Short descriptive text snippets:
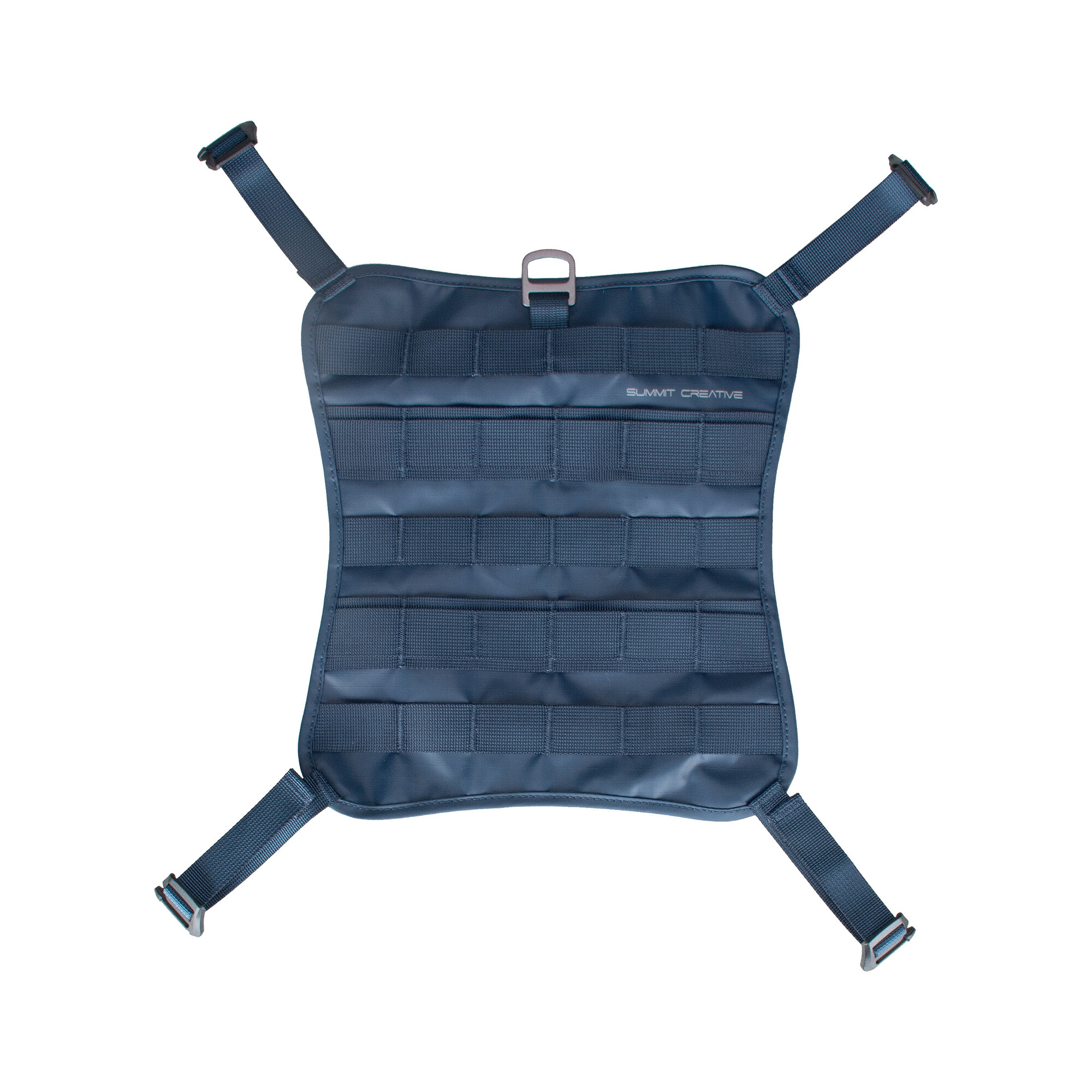 Molleplate - Rucksack Zubehörplatte – Bild 12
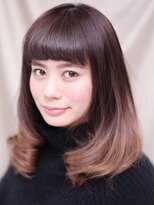 エマージュ 橋本(Emerge)&nbsp;シャープさは王道ワンカールで[橋本駅]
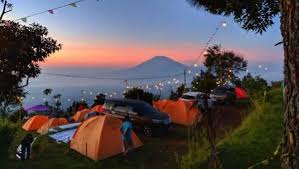 Sewa Peralatan Camping Kabupaten Badung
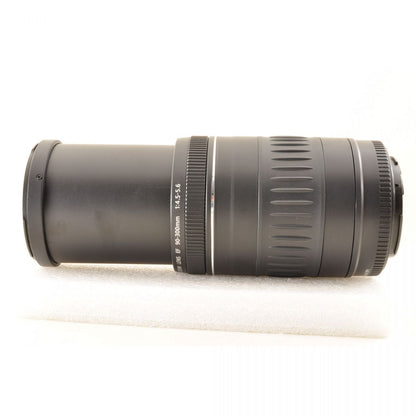 【中古】Canon EF 90-300mm f/4.5-5.6 ズーム カメラレンズ 交換レンズ キヤノン S/N:15301761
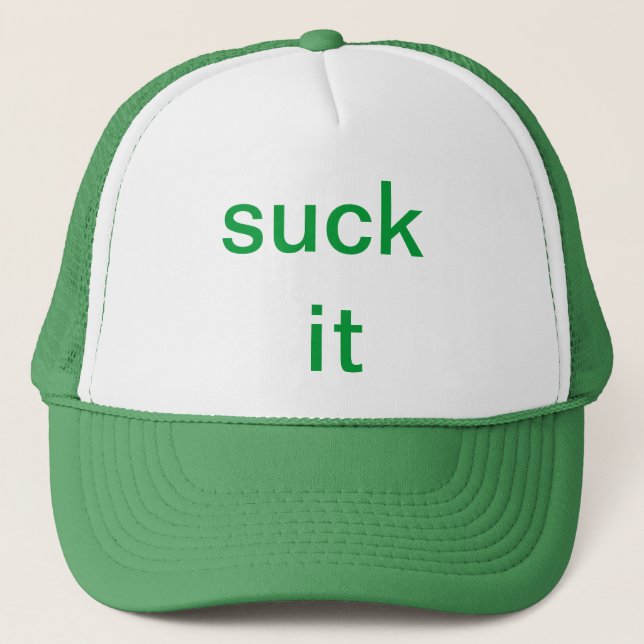dx cap (Front)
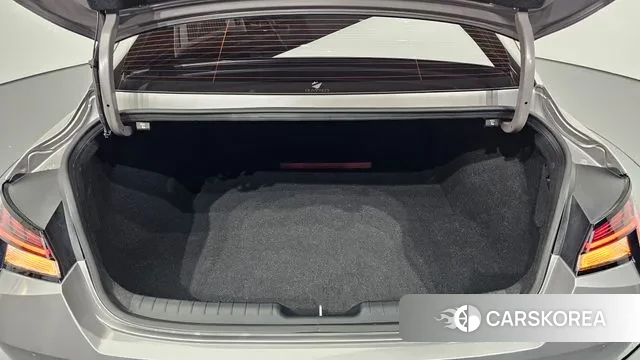 Hyundai Avante (CN7) id 3686783 из Кореи 11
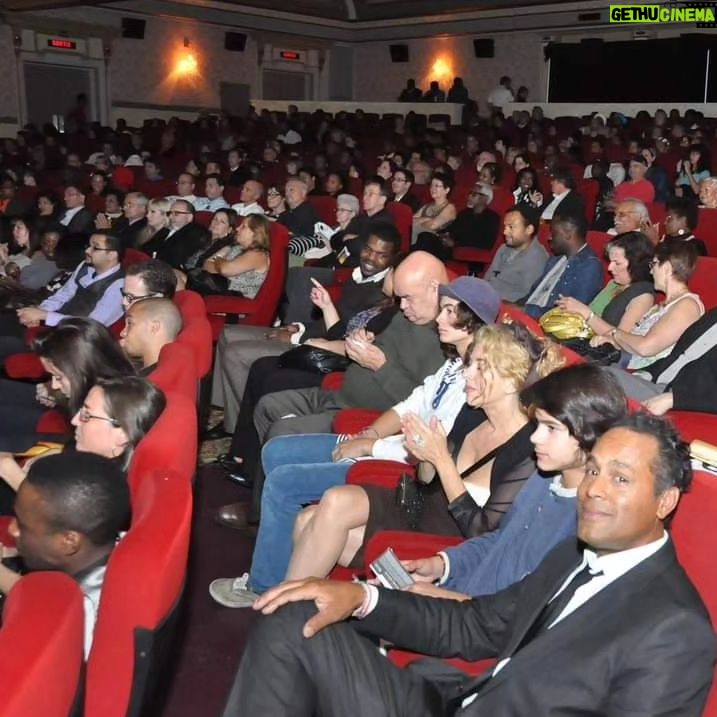 Fabienne Colas Instagram - Folks, #ItsHappening!!! Exciting, inspiring, educational, empowering, cool, entertaining... those are some of the words I think of to describe the 19th annual @MontrealBlackFilmFest - Presented by @Desjardinscoop, opening this Wednesday, Sept 27, 7PM at Imperial Theatre Montréal. Support Diversity off and on Screen and join the movement today / from Sept 27 to Oct. 1, 2023. With 75 films from 20 countries, Black Market panels, movie-discussions, kids programs, Pup up market and so much more. Discover the amazing program & Grab your tickets/passes: at www.MontrealBlackFilm.com #MIBFF23 #fifbm23 Created by the Fondation Fabienne Colas Foundation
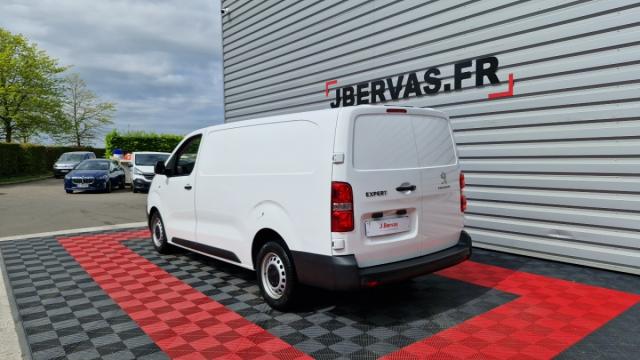 Peugeot Expert image 4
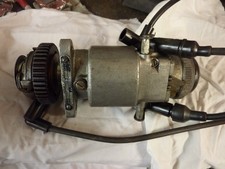 Lucas k2f magneto for sale Lucas k2f magneto for sale  DERBY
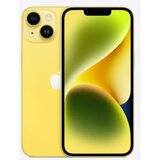 Apple iPhone 14 512GB Yellow + poklon Xplorer BTW 5.0 bluetooth slušalice + Xplorer AR Gun | shoptok.hr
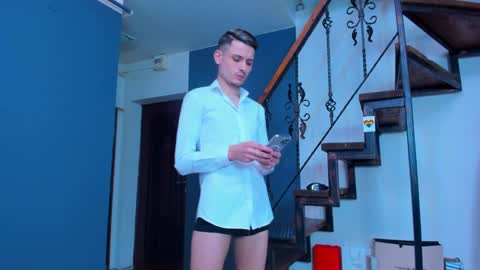 STAS online show from 23, 2, 2025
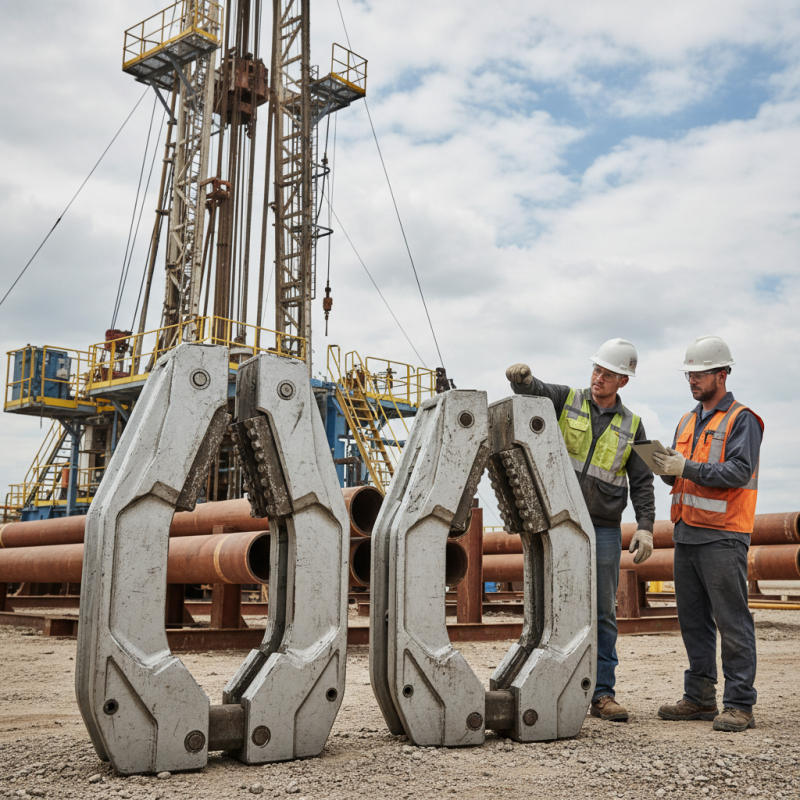 Essential Tips for Choosing Casing Elevators for Your Project?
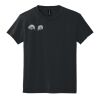 Youth DryBlend ® 50 Cotton/50 Poly T Shirt Thumbnail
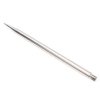 Kotwica uziemiająca do anteny krótkofalowej z aluminiowego stopu, gwint M10, gwintowana noga uziemiająca PAC-12 MA-12 antena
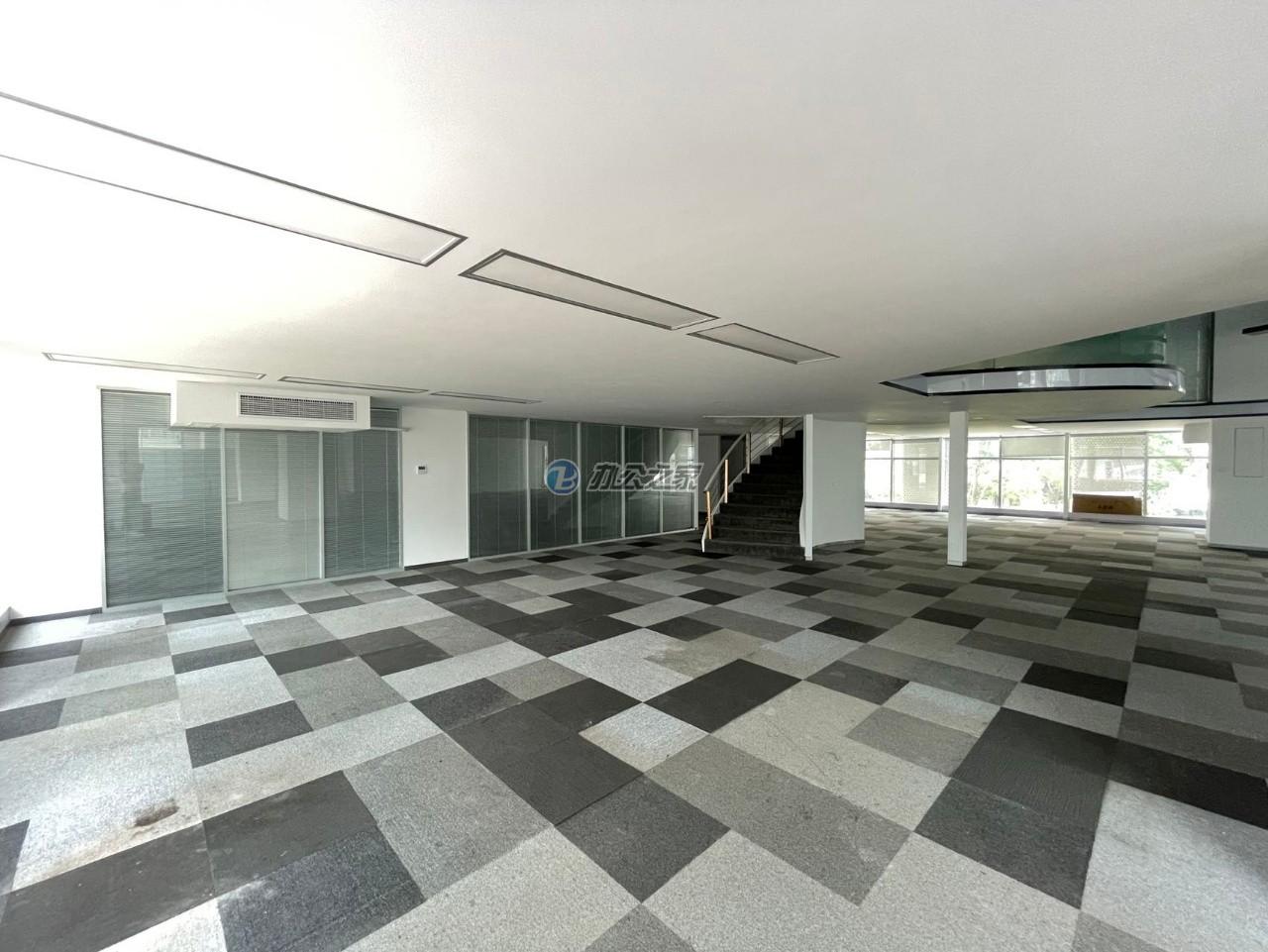 盛大天地源創(chuàng)谷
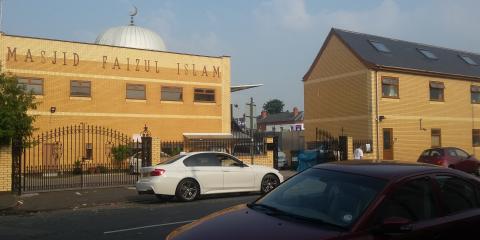 Masjid Faizul Islam : image 3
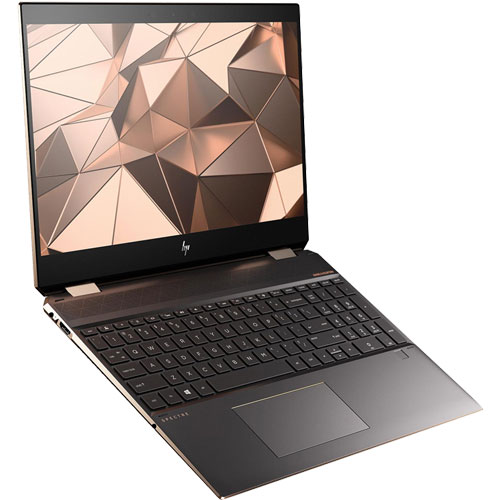 HP　Spectre x360　 i7　ノート　パソコン Hothotレビュー】コスパ抜群で高性能な13.3型2in1「HP Spectre x360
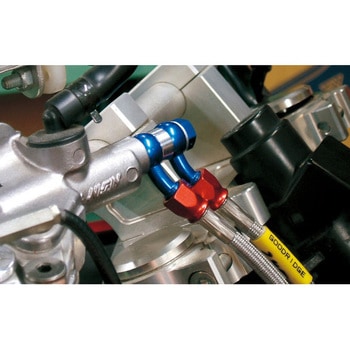 GOODRIDGE パラレルマウントBOLT P1.25 ACTIVE(アクティブ)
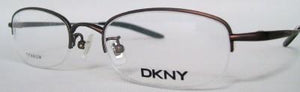 DKNY clip on sunglasses & spectacles 6614 200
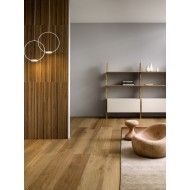 BIO SELECT STRIP OAK NATURAL  20X120  - Lea Ceramiche LG9B3S1 LEA CERAMICHE - 1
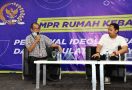 MPR RI: Jaga Kesucian Ramadan dengan Menjunjung Tinggi Toleransi - JPNN.com
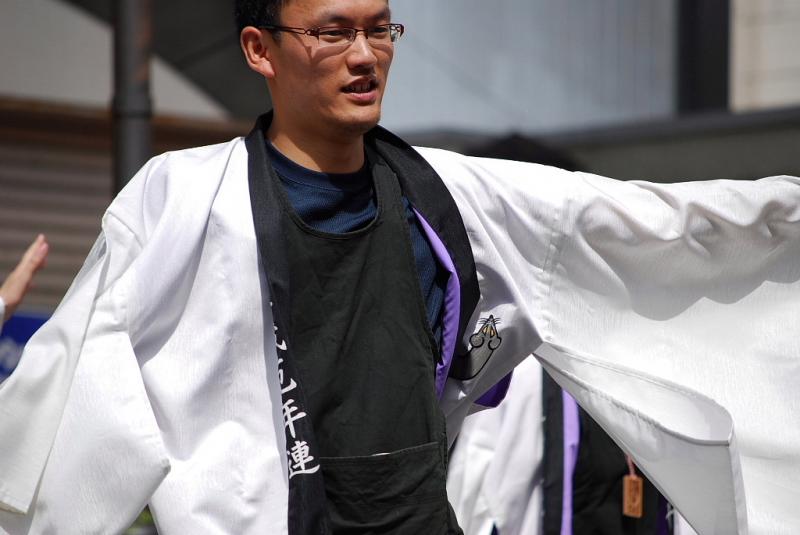 奥州市水沢夏まつり2009その1 2009/08/01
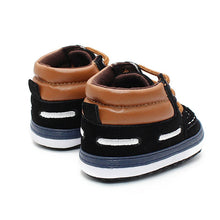 born Baby Crib Shoes First Walkers Kids Boys Girls Soft Sole Prewalker Toddler Infants Walk Shoes ILML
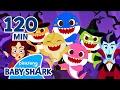 Download Lagu [🎃ALL] Baby Shark, Ready for Halloween? | +Compilation | Halloween Stories | Baby Shark Official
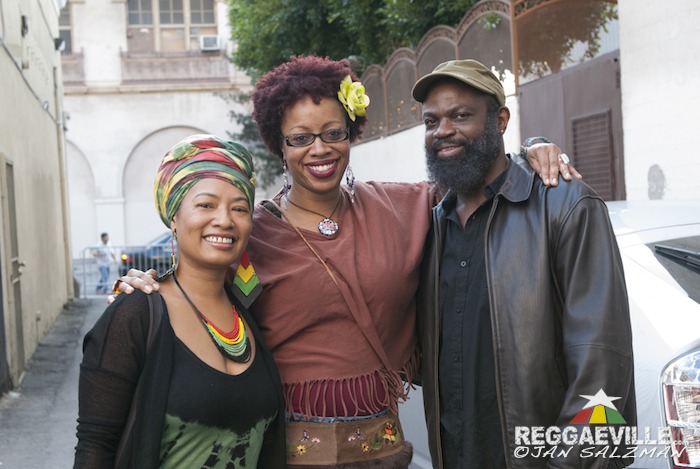 Impressions @ 1Love Earthstrong Festival 2014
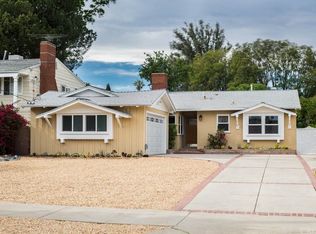 17621 San Jose St, Granada Hills, CA 91344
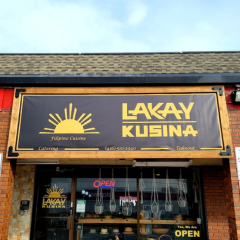 Seller Logo
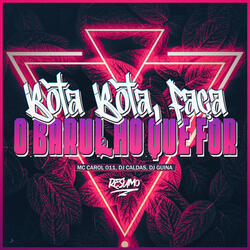 Bota Bota Faça o Barulho Que For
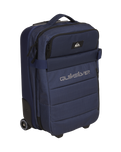 The Quiksilver Horizon 41L Holdall in Naval Academy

_Task brief_: Only the lines from the top of the data through the line with "Masjid Faizul Islam : image 3" should be quoted, exactly and with both ends kept; skip the pictures.

_Answer box_:
 Molleplate - Rucksack Zubehörplatte – Bild 12
 エマージュ 橋本(Emerge)&nbsp;シャープさは王道ワンカールで[橋本駅]
 Sewa Peralatan Camping Kabupaten Badung
 【中古】Canon EF 90-300mm f/4.5-5.6 ズーム カメラレンズ 交換レンズ キヤノン S/N:15301761
dx cap (Front)
 Hyundai Avante (CN7) id 3686783 из Кореи 11
 Fabienne Colas Instagram - Folks, #ItsHappening!!! Exciting, inspiring, educational, empowering, cool, entertaining... those are some of the words I think of to describe the 19th annual @MontrealBlackFilmFest - Presented by @Desjardinscoop, opening this Wednesday, Sept 27, 7PM at Imperial Theatre Montréal. Support Diversity off and on Screen and join the movement today / from Sept 27 to Oct. 1, 2023. With 75 films from 20 countries, Black Market panels, movie-discussions, kids programs, Pup up market and so much more. Discover the amazing program & Grab your tickets/passes: at www.MontrealBlackFilm.com #MIBFF23 #fifbm23 Created by the Fondation Fabienne Colas Foundation
 Peugeot Expert image 4
 Lucas k2f magneto for sale Lucas k2f magneto for sale  DERBY
 Apple iPhone 14 512GB Yellow + poklon Xplorer BTW 5.0 bluetooth slušalice + Xplorer AR Gun | shoptok.hr
 STAS online show from 23, 2, 2025
 Essential Tips for Choosing Casing Elevators for Your Project?
 Youth DryBlend ® 50 Cotton/50 Poly T Shirt Thumbnail
 Kotwica uziemiająca do anteny krótkofalowej z aluminiowego stopu, gwint M10, gwintowana noga uziemiająca PAC-12 MA-12 antena
 盛大天地源創(chuàng)谷
 Masjid Faizul Islam : image 3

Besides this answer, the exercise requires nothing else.